§ **Source information**
=== Begin Enclosure ===

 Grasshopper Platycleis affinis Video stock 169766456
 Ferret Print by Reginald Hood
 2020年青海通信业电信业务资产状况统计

=== End Enclosure ===
=== Begin Enclosure ===

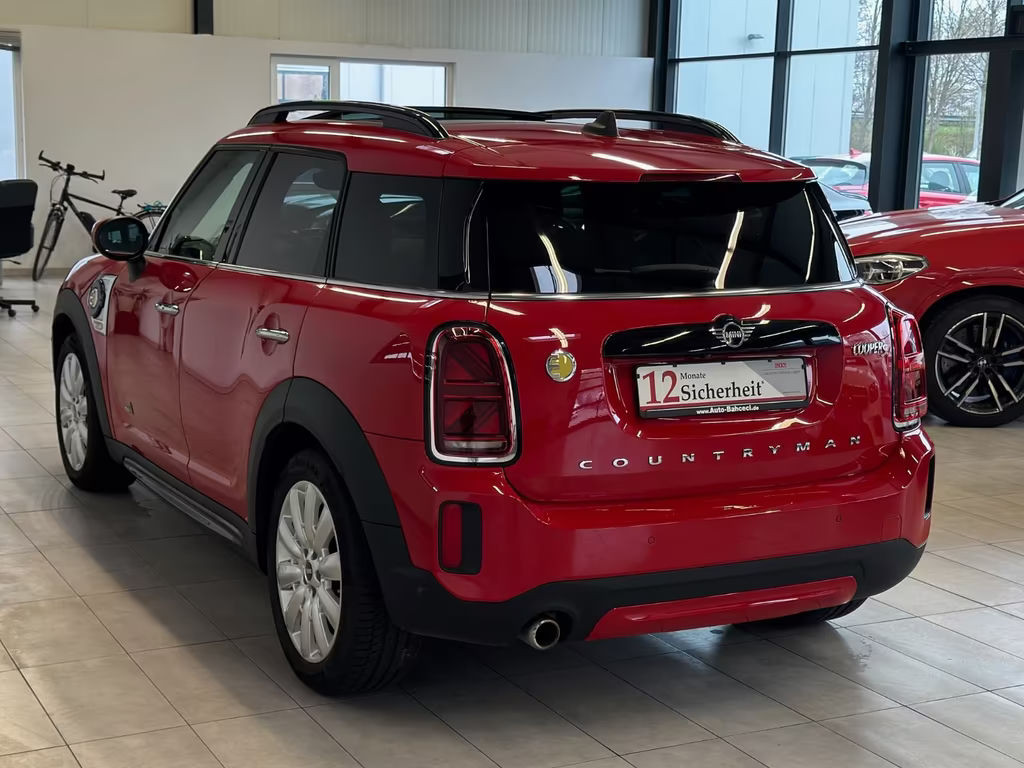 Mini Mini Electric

=== End Enclosure ===

§ **Work to be completed**
Please write out, exactly as they appear above, only the lines in the stretch from the line with "Ferret Print by Reginald Hood" through the line with "2020年青海通信业电信业务资产状况统计".

§ **Exercise response**
 Ferret Print by Reginald Hood
 2020年青海通信业电信业务资产状况统计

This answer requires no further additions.